How to average column values in a dataframe based on multiple other matching columns?

Hi all,

I’ve created a DataFrame as seen below:

using DataFrames # package dependency 

original_df = DataFrame(; Year=Int[], Name=String[], 
Surname=String[], Rating=Int[], ValueOne=Float64[], ValueTwo=Float64[])

push!(original_df, (1, "Dick", "Jones", 1, 2.3, 2.9))
push!(original_df, (1, "Dick", "Grayson", 1, 3.1, 6.9))
push!(original_df, (1, "Dick", "Grayson", 3, 2.4, 6.9))
push!(original_df, (2, "Dick", "Grayson", 3, 7.4, 5.3))
push!(original_df, (2, "Bob", "Jeff", 3, 4.83, 6.29))
push!(original_df, (1, "Bob", "Jeff", 1, 3.3, 1.9))
push!(original_df, (2, "Bob", "Jeff", 3, 10.2, 1.01))
push!(original_df, (2, "Bob", "Man", 3, 10.9, 0.03))

The original_df DataFrame should look like this:
image

I want to perform an operation on original_df such that it will average the :ValueOne and :ValueTwo columns (separately) when the following columns share the same value: [:Year, :Name, :Rating]. The resulting DataFrame should look like this if my mental math is correct:

using DataFrames # package dependency

resulting_df = DataFrame(; Year=Int[], Name=String[], Rating=Int[], 
ValueOne=Float64[], ValueTwo=Float64[])

push!(resulting_df, (1, "Dick", 1, 2.7, 4.9))
push!(resulting_df, (1, "Dick", 3, 2.4, 6.9))
push!(resulting_df, (2, "Dick", 3, 7.4, 5.3))
push!(resulting_df, (2, "Bob", 3, 8.643, 2.443))
push!(resulting_df, (1, "Bob", 1, 3.3, 1.9))

The resulting_df DataFrame should look like this:
image
Note that I don’t care what the sorting of the rows in resulting_df looks like; I just care that it has those rows.
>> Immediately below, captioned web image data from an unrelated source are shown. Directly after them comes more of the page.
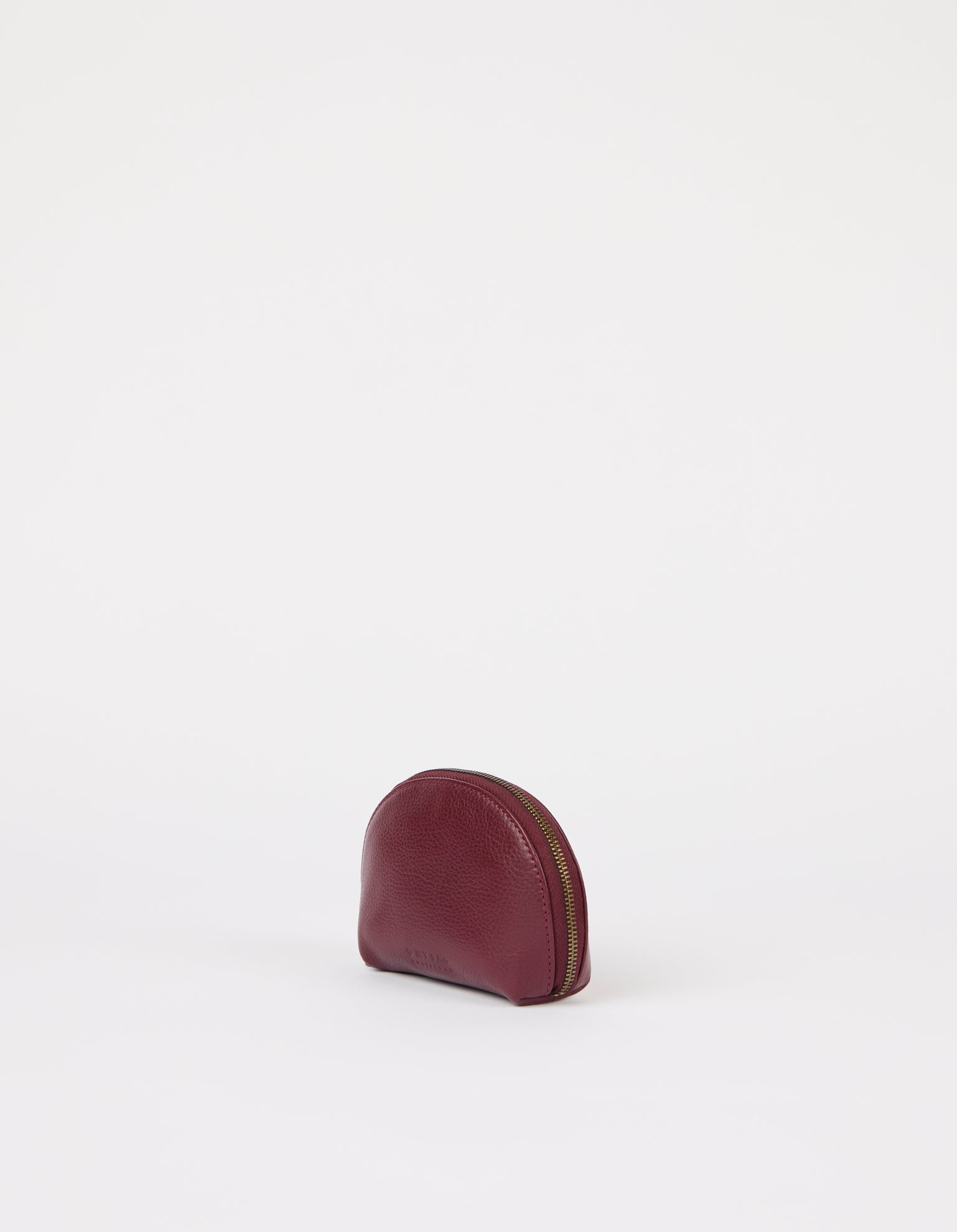 Make up Case Small - Dark Cherry Soft Grain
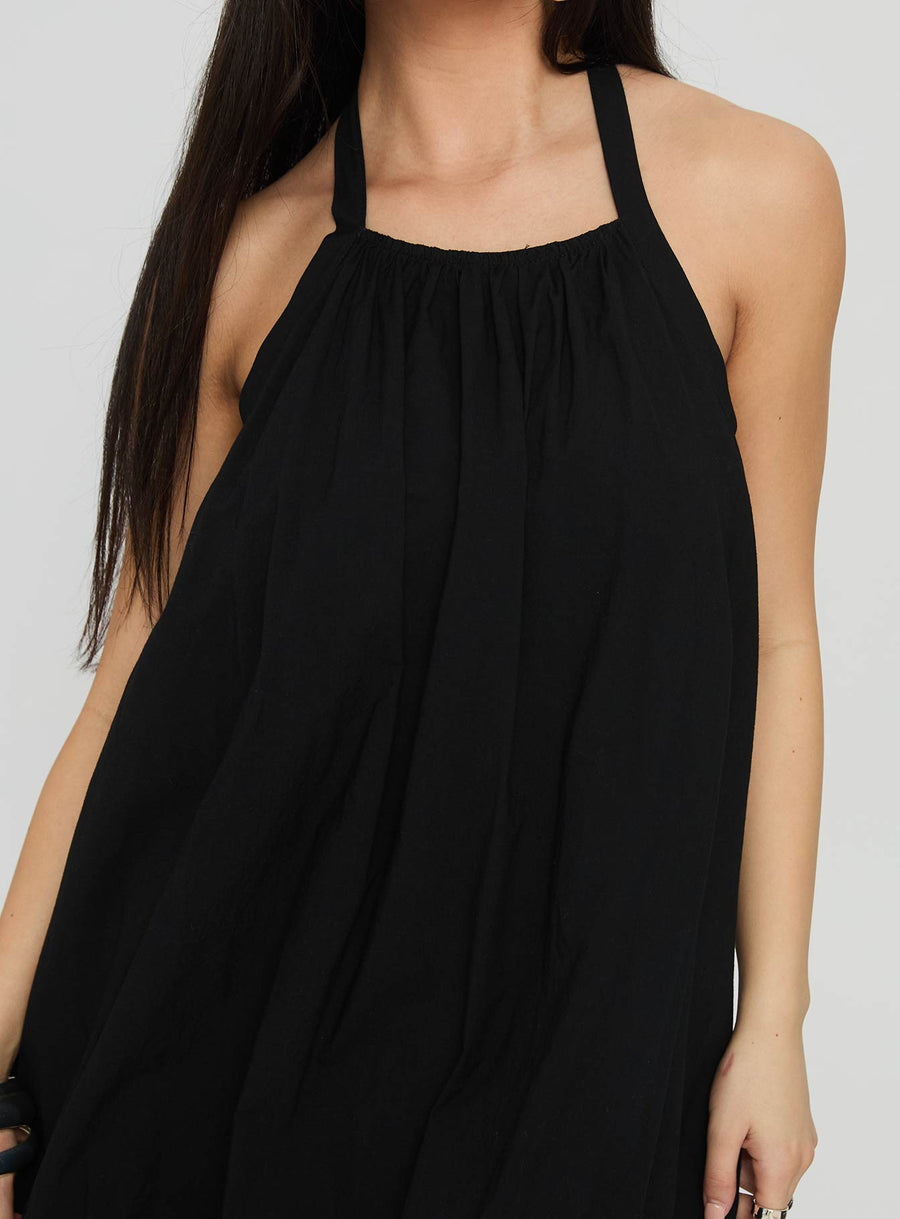 Friandise Bubble Hem Mini Dress Black · photo 5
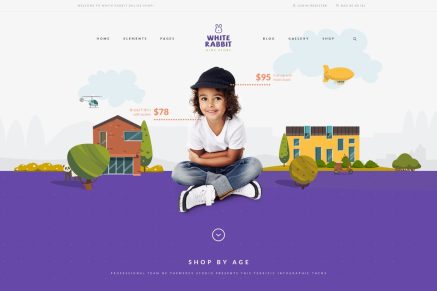 White Rabbit- Kids Toys & Clothing Store 1.5.2 WordPress Theme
Would anybody be able to instruct me in how the following operation can be done please? The actual DataFrame that I’m going to do this on will have 15+ columns and there’ll be 10 that need to match for the averaging to be done, so preferably if I had a way to do the operation where I didn’t have to type in multiple conditions separated by the && operator then that would be good please. Regardless, the code examples above should be a decent starting point I think.

Thank you in advance.

combine(groupby(df, [:Year, :Name, :Rating]), [:ValueOne, :ValueTwo] .=> mean; renamecols = false)

If you need most of your columns to group by it might be more concise to use something like names(df[!, Not([:ValueOne, :ValueTwo])]) in groupby instead of listing them manually.

1 Like

Thanks for this, the code is working well. Yea, doing it with the names functions will be a good idea.